Un amigo hace ya bastante tiempo me conto una historia.
La historia debo reconocer me gusto en su momento, la valore
con el tiempo, y proyectándola a futuro puedo decir que se repite en cada una
de las historias de cada uno. En algunas parejas en menor o mayor grado, pero inevitablemente
esta historia ocurre en cada noviazgo, pareja, o matrimonio que llega al
hartazgo. No hablo desde el pesimismo sino desde el realismo.
Mi amigo me conto un par de veces la misma historia como
quien no recuerda haberla contado antes o como quien la reza en vos alta para
que se divulgue, para que seamos conscientes del despertar del alma que en
algún momento se adormece, o simplemente se va.

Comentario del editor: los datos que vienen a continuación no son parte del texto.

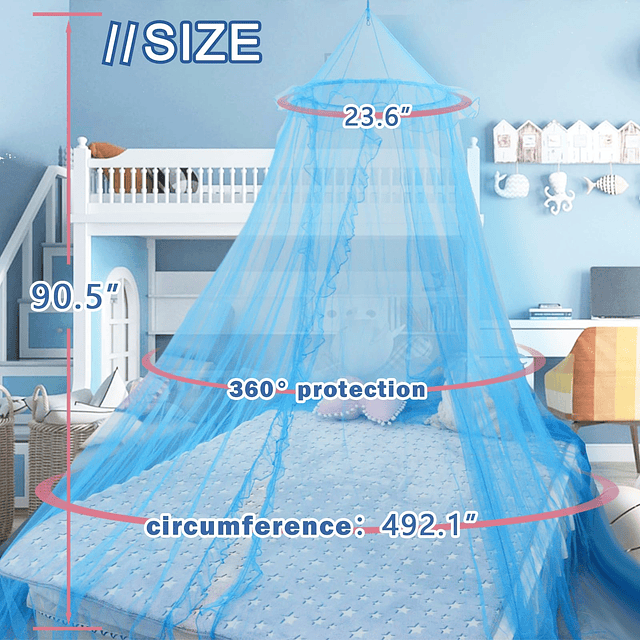 Princess - Toldo para cama para habitación de niñas, parte s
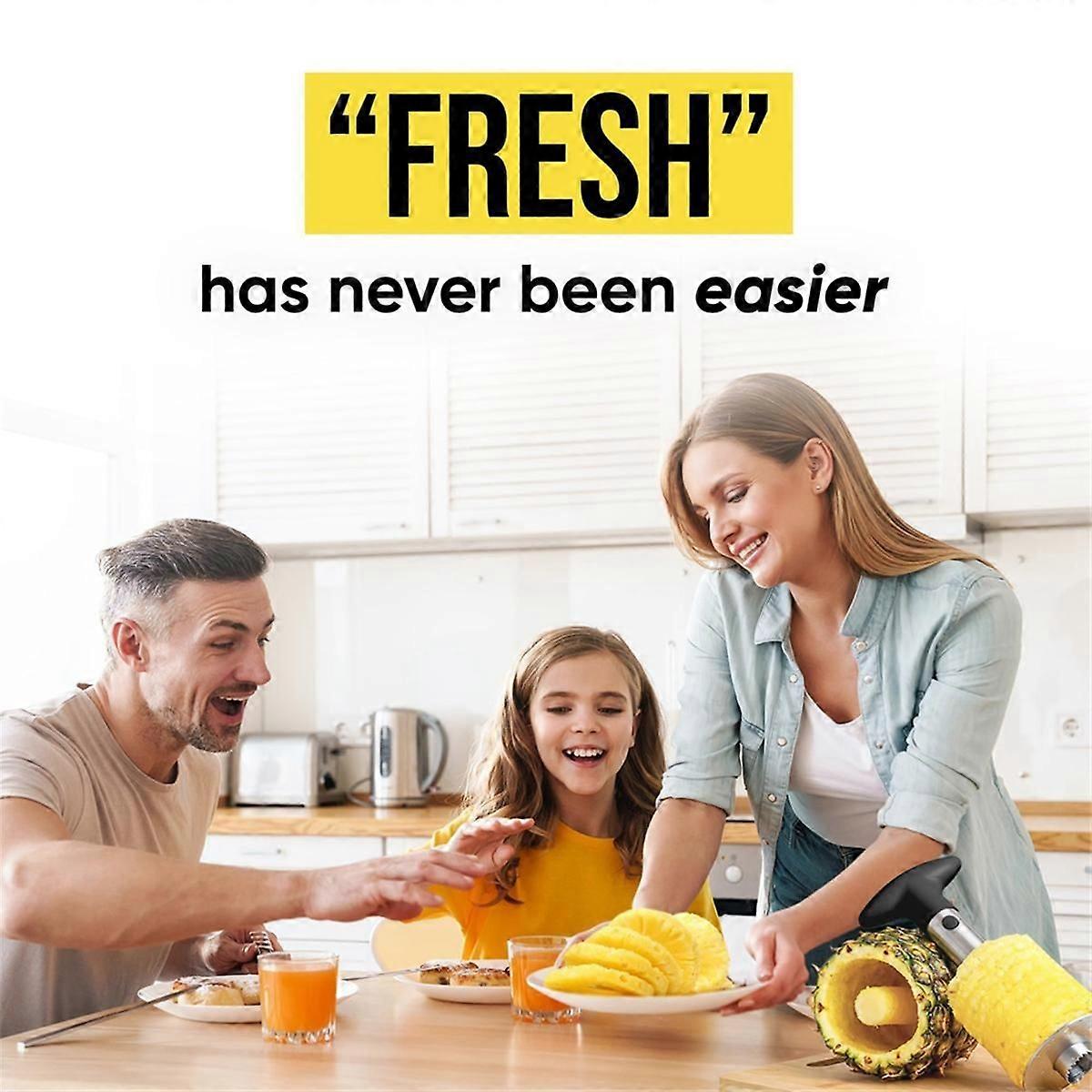 Pineapple Cutter and Corer with Triple Reinforced Stainless Steel - Easy-To-Use Pineapple Corer with Thicker Blade
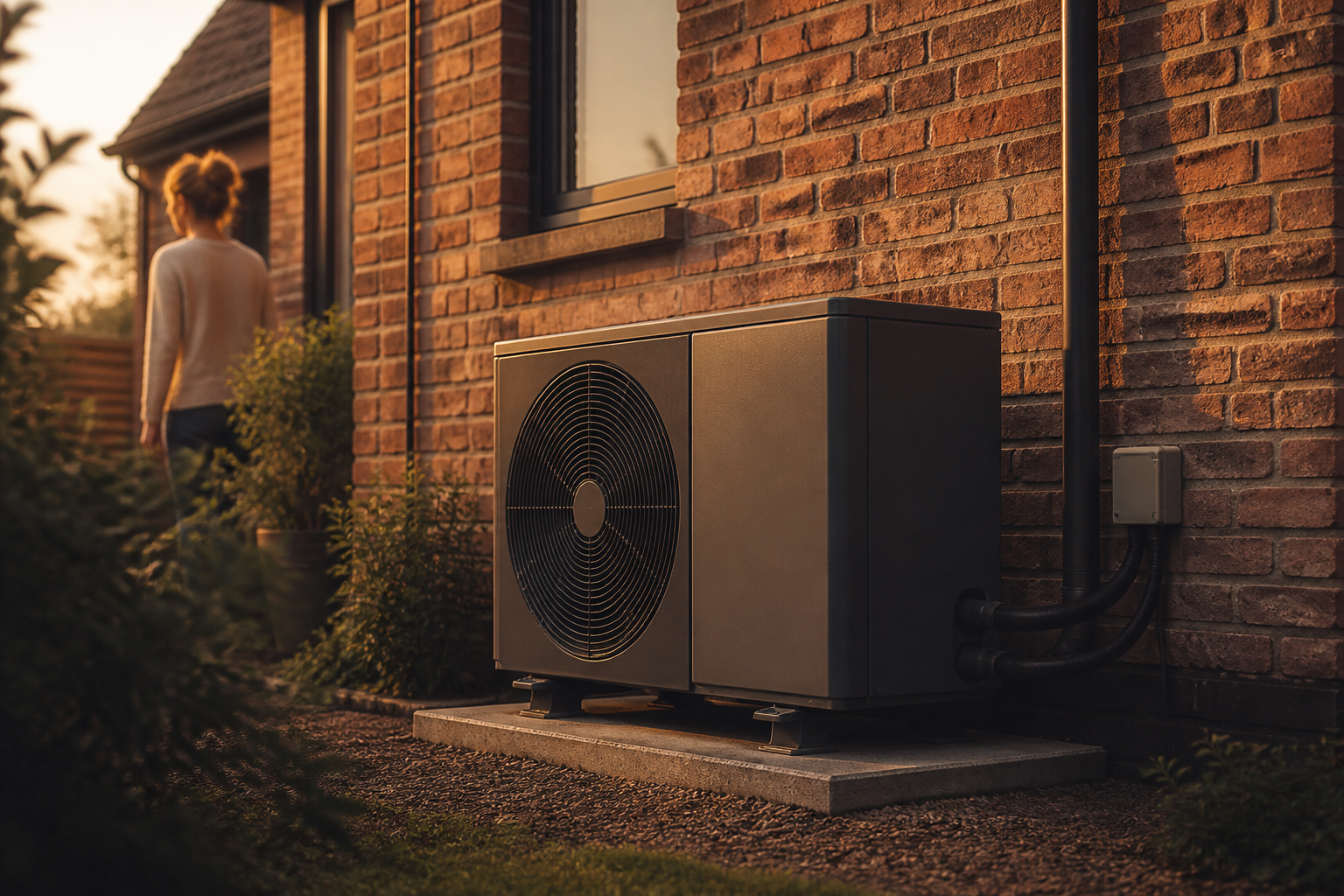 Air source heat pump monobloc unit installed outside a brick UK residential property.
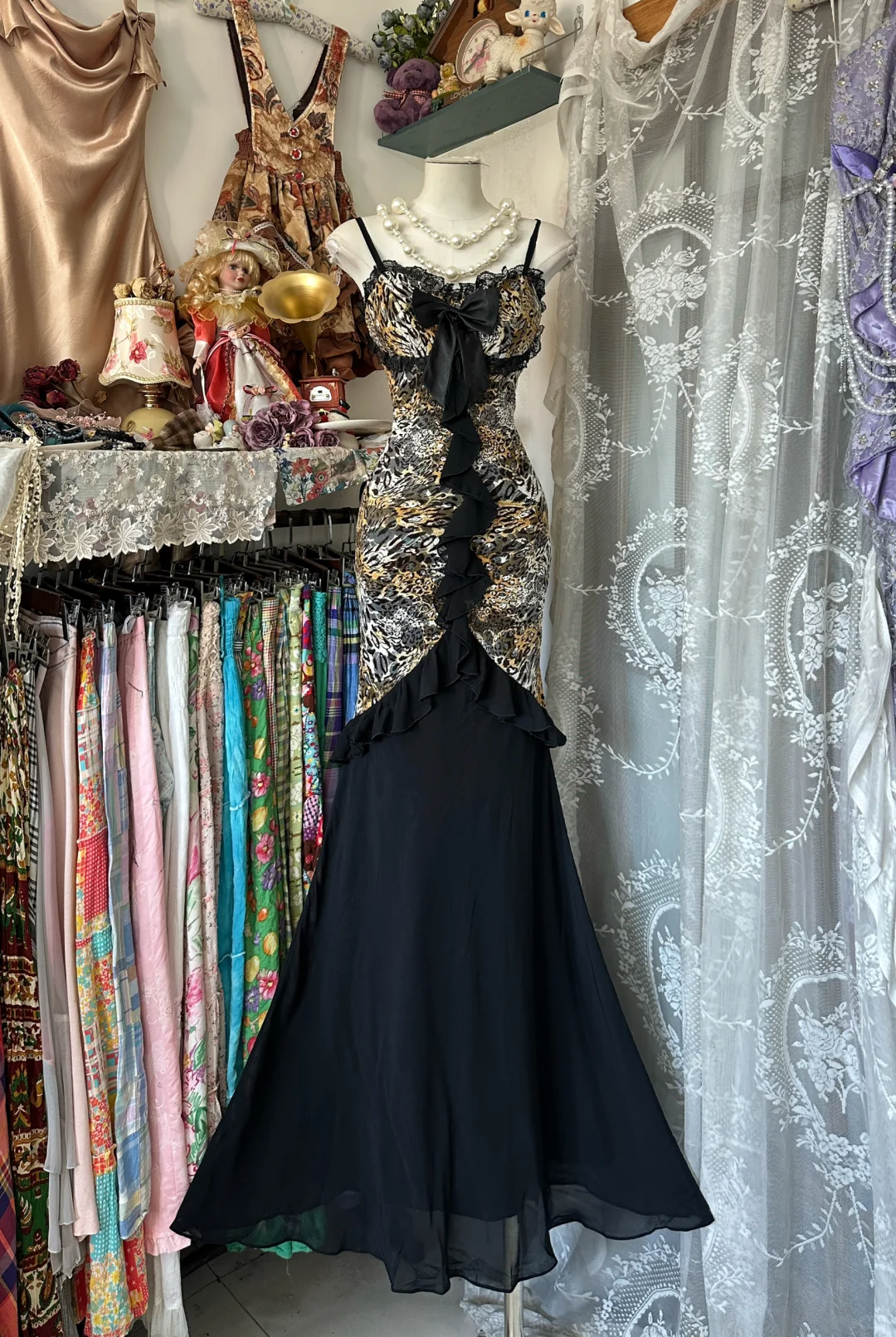 Leopard print suspenders slim waist hip fishtail sexy long skirt ball gown R6169
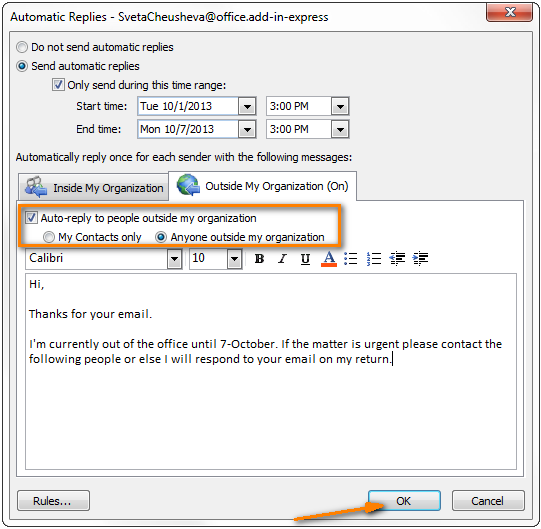 Outlook Auto Reply Set Up Out Of Office Autoresponse In Outlook 19 10 Ablebits Com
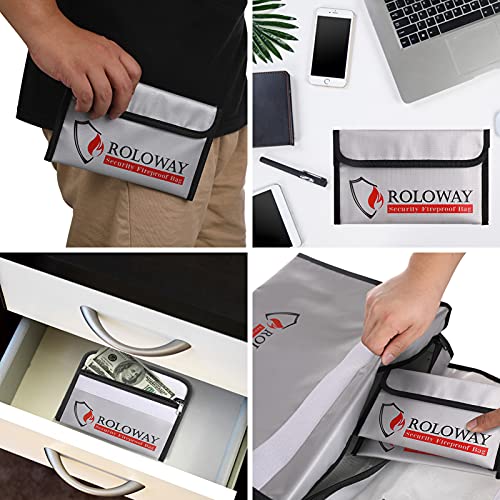 Image of ROLOWAY Small Fireproof Bag (5 x 8 inches), Non-itchy Fireproof Money Bag for Cash, Valuables, Passport, Currency & Keys (2-Pack Silver)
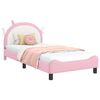 vidaXL Bedframe voor kinderen met hoofdbord Roze 90 x 200 cm PU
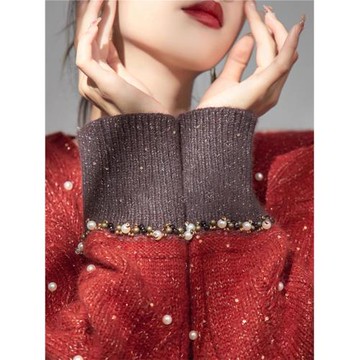 法式高級感釘珠紅色氛圍感毛衣秋冬新款圣誕新年撞色拼接針織衫潮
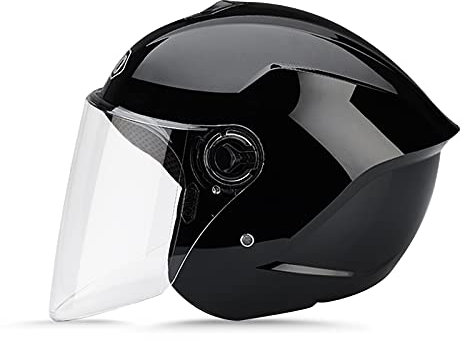 LIONCIANO Motorradhelm Mit Schutzbrille, Jethelm Roller-Helm Scooter-Helm Moped Mofa-Helm Chopper Vintage, Hat Den Verkehrssicherheitstest Bestanden, Um Die Kopfsicherheit Wirksam Zu Schützen(Schwarz)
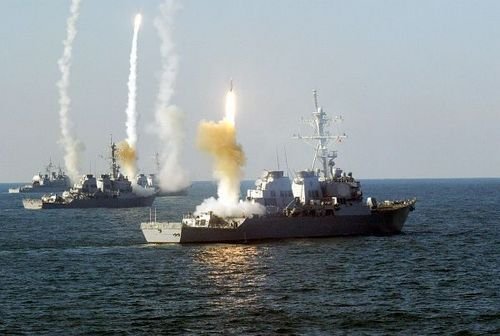 資料圖：美軍宙斯盾艦群齊射
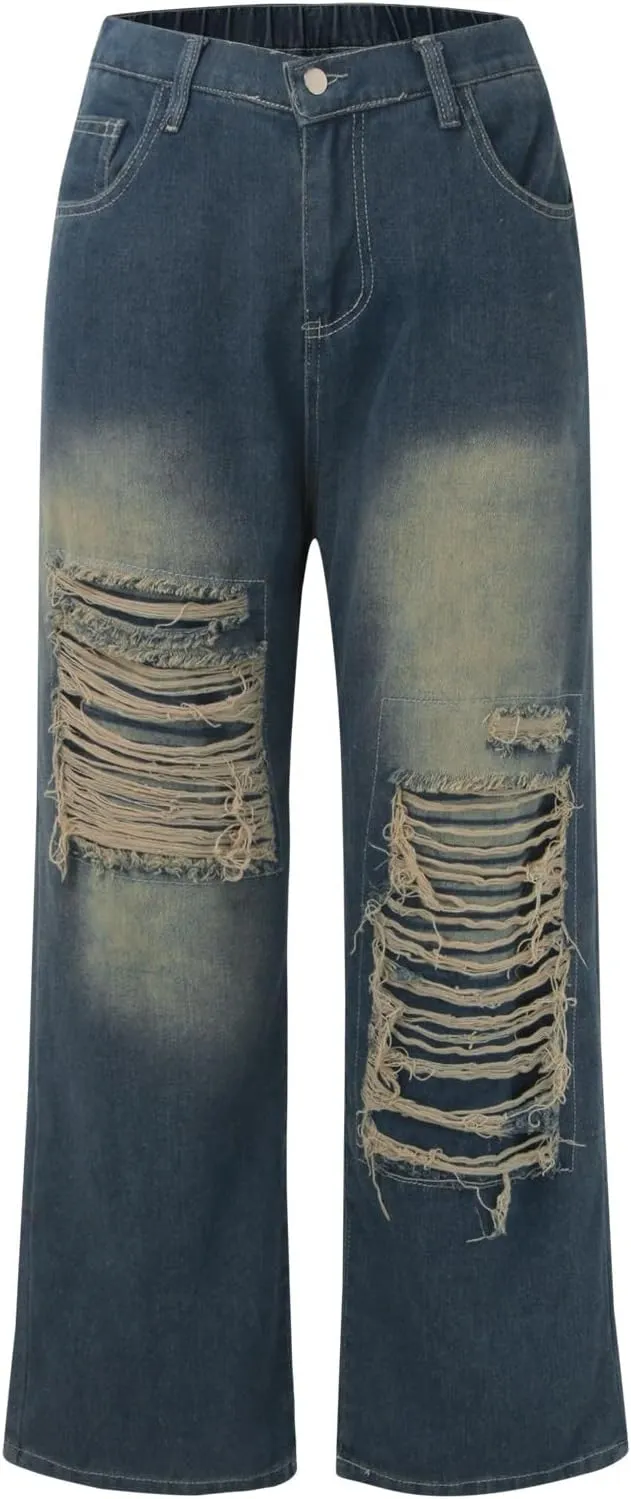 2024 Wide Leg Jeans for Women High Waist Stretchy Denim Capri Pants Fold Hem Cropped Baggy Denim Pants Trouser Jeans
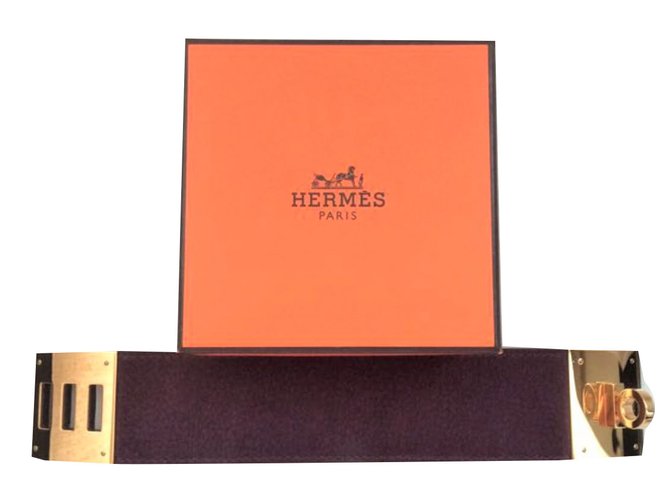 Kelly Hermès Bracelet Prune Suede  ref.81161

Como intro de esta historia me decía lo mismo: un famoso
escritor contaba que había dos formas de morirse, una la más convencional en la
que el cuerpo muere, y el alma toma su rumbo según la religión del muerto, se
puede ir al purgatorio, se puede reencarnar o simplemente se queda acá al lado
de la gente querida. La otra forma (y quizás la más triste) es aquella en la
que el alma es la que se muere, se adormece, se va; y el cuerpo queda ahí, respirando, comiendo, sigue despierto pero
casi como un sonámbulo.
Después de hacer esta intro, ahí sí, se metía de lleno en la
historia de una pareja amiga de él (aunque yo siempre intuí que era su propia
historia la que me estaba contando) y con toda la ternura del mundo me
comentaba que esta pareja no muy joven, ni muy entrada en años, vivieron su
etapa de novios, sus noches de miel y sus días de flores como cualquier pareja.
Vivieron sus años de rutina, de costumbres, donde uno ya no piensa ni en las
mieles ni en las flores, pero encuentra en esta etapa la seguridad de lo
conocido, valora la rutina como un método de confianza, de que lo no salga de
los parámetros ya estipulados por la costumbre, no lastima, no duele, pero
tampoco sorprende.
Esta última es la etapa clave, donde la costumbre mata la
sorpresa, mata la magia. A alguna pareja le llega pronto, en otra tarda más y
en algunas quizás no llega o no se es conciente de vivir en ese estado.
Podemos decir que la costumbre dentro de la pareja es la anestesia
del alma. Es la bayoneta a la magia. El me decía que ya no veía el brillo en
los ojos de esta pareja amiga. Ya no sentía esa irradiación, esa fuerza que
largan los enamorados.
Inevitablemente la costumbre, la rutina, el aburrimiento y
algunos ingredientes mas que no vienen al caso precipitaron la separación. Mas
o menos traumática como cualquier separación, el se va, su cuerpo se va. Ella
se queda.
Pasaron los días, las semanas, los meses y los años también.
Quiso el destino que alguna vez se vuelvan a juntar, se vuelvan a cruzar y ya
sin magia pero con respeto por los años vividos juntos se sentasen a hablar.
Se hablo de banalidades, del paso del tiempo, de la
inobjetable tarea del tiempo como elemento de desgaste de absolutamente todo, y
cuando ya estaba casi todo dicho ella pregunto:
-¿Qué te llevo a irte el día que te fuiste?
Después de viajar un rato por sus recuerdos, el respondió:
-Yo no me fui el día que mi cuerpo decidió irse de esa casa,
yo me fui el día que el alma decidió irse de mi cuerpo. Ese día mi cuerpo salió
a reencontrase con mi alma.
Casi sin querer ella lo disculpo y lo entendió.
Cada vez que mi amigo me contaba esta historia, se quedaba
un rato largo en silencio. Un tiempo lo suficientemente extenso como para que
uno se pare a ver donde estamos parados en la vida. Donde esta nuestra alma y
si inconscientemente no deberíamos salir a buscarla. Historias como estas se
repiten en cada lugar y en todos los tiempos, me recordaba una y otra vez mi
amigo, a quien yo cada vez que escuchaba no podía evitar sentir la presencia de
su alma aun más tangible que su propio cuerpo.